How to recognize Islamic loans?
You can recognize Islamic loans through the i at the end of the personal loan. But do take note that not all Islamic personal loans in Malaysia has the i at the end, such as Islamic personal loans from Bank Muamalat. Here are all of the personal loans in Malaysia:
- Affin Tawarruq Term Financing-i
- Affin Tawarruq Cash Line-i
- Al Rajhi Personal Financing-i
- Alliance Islamic Bank CashVantage Financing-i
- Ambank Personal Financing-i
- AmMoneyLine Facility-i
- Asian Finance Bank Personal Financing-i
- Bank Islam Personal Financing-i (package)
- Bank Islam Personal Financing-i (non-package)
- Bank Islam Floating Rate Personal Financing-i (package)
- Bank Muamalat Pembiayaan Peribadi Pesara (3P)
- Bank Muamalat Pembiayaan Pengurusan Kewangan (PPK)
- Bank Muamalat 3P Special Package (3PS)
- Bank Muamalat PPK Cuepacs Debt Settlemet
- Bank Muamalat Micro Financing
- Bank Muamalat Micro Bazar Tok Guru
- Bank Muamalat Modenas Motorcycle
- Bank Muamalat Umrah Ziarah
- Bank Muamalat Education
- Bank Muamalat Membership
- Bank Muamalat Corporate Package
- CIMB Islamic Share Purchase Financing-I (SPF-i) – Employee Share Option Scheme (ESOS)
- CIMB Islamic Share Purchase Financing-I (SPF-i) – Initial Public Offer (IPO)

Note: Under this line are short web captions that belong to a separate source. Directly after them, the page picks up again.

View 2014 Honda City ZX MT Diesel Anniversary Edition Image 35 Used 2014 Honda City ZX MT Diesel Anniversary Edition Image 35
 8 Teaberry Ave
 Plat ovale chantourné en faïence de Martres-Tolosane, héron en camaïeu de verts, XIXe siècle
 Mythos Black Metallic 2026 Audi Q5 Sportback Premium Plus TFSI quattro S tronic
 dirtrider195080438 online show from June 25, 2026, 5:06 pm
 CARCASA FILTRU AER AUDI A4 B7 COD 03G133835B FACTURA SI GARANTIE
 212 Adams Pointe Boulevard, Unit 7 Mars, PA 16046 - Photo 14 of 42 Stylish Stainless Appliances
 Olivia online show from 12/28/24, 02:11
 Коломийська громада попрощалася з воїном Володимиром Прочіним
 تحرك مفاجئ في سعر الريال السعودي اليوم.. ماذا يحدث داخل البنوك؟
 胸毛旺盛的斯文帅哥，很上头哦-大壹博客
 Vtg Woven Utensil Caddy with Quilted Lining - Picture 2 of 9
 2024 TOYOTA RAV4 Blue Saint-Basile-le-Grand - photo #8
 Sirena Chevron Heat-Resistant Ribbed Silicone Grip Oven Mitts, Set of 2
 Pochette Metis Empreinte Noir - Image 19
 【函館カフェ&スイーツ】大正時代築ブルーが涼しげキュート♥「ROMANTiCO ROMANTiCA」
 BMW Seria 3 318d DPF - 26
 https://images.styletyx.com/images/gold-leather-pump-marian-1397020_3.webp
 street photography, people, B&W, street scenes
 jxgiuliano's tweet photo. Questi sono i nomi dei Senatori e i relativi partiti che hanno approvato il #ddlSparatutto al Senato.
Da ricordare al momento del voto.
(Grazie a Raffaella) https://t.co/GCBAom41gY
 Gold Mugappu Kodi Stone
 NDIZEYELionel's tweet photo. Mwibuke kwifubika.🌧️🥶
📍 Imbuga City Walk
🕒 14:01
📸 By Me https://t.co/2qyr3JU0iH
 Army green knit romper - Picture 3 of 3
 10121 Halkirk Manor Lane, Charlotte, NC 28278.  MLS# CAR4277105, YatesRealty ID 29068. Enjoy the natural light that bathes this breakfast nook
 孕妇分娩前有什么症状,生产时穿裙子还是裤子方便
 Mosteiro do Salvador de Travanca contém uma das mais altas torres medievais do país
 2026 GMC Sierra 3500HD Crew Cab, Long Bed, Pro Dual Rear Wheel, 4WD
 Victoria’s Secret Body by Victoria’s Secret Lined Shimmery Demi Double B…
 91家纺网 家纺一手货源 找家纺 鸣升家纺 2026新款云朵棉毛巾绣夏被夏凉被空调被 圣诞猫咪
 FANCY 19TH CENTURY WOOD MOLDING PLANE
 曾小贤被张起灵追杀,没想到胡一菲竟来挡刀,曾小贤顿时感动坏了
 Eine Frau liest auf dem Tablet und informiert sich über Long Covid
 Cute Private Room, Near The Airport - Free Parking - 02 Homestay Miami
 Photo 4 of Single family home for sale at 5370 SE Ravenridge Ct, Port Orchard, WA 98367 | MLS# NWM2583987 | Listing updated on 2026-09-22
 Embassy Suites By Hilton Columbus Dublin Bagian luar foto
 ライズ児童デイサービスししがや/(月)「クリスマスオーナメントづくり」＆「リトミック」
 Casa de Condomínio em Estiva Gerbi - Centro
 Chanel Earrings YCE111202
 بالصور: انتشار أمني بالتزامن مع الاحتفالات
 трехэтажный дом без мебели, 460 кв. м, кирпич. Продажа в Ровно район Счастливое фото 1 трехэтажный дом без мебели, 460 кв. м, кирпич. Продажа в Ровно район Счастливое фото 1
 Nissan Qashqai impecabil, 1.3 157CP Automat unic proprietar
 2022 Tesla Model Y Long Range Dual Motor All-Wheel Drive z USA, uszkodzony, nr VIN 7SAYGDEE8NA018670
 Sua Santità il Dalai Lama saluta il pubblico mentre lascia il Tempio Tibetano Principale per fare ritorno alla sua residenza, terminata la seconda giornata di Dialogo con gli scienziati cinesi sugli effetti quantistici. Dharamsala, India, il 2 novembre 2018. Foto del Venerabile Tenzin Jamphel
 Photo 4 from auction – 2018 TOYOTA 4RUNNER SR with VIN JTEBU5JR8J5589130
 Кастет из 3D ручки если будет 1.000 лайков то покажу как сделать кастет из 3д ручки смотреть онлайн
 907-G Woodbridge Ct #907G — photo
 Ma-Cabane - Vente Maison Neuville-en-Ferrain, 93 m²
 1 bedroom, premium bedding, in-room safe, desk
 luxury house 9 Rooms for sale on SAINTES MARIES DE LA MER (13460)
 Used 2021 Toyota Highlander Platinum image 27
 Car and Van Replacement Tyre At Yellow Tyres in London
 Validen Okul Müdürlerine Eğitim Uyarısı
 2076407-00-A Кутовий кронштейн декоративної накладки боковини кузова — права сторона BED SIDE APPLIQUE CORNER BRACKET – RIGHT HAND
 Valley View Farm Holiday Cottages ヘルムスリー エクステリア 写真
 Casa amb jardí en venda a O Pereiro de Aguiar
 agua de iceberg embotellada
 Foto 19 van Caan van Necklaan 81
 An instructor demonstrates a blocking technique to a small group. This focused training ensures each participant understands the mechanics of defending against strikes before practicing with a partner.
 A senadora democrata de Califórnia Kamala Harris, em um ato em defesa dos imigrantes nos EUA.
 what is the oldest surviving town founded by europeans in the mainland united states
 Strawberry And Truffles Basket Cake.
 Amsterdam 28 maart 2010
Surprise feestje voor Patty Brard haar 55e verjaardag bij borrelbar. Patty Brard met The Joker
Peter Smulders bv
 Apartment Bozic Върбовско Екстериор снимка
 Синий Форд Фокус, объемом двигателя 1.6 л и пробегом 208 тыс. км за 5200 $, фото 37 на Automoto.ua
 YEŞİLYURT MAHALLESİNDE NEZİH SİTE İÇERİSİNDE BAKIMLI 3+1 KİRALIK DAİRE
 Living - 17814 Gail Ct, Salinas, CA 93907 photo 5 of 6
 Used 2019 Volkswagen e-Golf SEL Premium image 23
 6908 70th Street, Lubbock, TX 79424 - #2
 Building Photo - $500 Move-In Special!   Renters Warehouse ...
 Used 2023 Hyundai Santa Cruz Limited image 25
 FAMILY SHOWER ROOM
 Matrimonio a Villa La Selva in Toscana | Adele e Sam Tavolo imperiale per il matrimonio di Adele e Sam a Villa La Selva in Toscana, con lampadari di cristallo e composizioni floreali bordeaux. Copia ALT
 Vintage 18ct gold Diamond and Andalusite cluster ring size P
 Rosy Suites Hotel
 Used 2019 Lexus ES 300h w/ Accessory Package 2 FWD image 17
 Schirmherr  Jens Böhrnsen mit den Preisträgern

- CIMB Islamic Xpress Cash Financing-i
- CIMB Islamic Term Financing-i Secured by ASB Certificate
- HSBC Amanah Personal Financing-i
- HBSC Personal Financing-i (education)
- Hong Leong Personal Financing-i
- Kuwait Finance House Murabahah Personal Financing-i Generic
- Kuwait Finance House Murabahah Personal Financing-i Government Employees
- Kuwait Finance House Murabahah Cashline-i
- Public Islamic Bank BAE Personal Financing-i
- Public Islamic Bank PLUS BAE Personal Financing-i
- RHB Islamic Bank Term Financing-I Collateralized by ASB Certificate
- RHB Islamic Bank Personal Financing-i for Pernsioner
- RHB Personal Financing-i for Civil Sector
- Maybank Islamic Personal Financing-i
- Standard Chartered Saadiq Personal Financing-i
What to consider when applying for an Islamic personal loan
Before applying for an Islamic personal loan, there are a few things to consider and be mindful of. Firstly is of course the profit rate as this is the determining factor of how much the loan you take on will actually cost you.
Next, consider looking for an Islamic personal loan that offers ibra’ (rebate) when you make early settlement, as not all banks offer ibra’. Getting an Islamic personal loan with ibra’ can potentially help you save money on your repayments should you choose for early settlement. Finally, Takaful is another feature of Islamic personal loans to take into account. Some Islamic banks make it compulsory to take on Takaful coverage with the personal financing, whilst some make it optional.
Do take note that most of the times, taking on Takaful coverage may be in your best interest as you will be covered from unfortunate circumstances. You may also enjoy better profit rates should you choose to take on Takaful coverage as you will be deemed less risky by banks.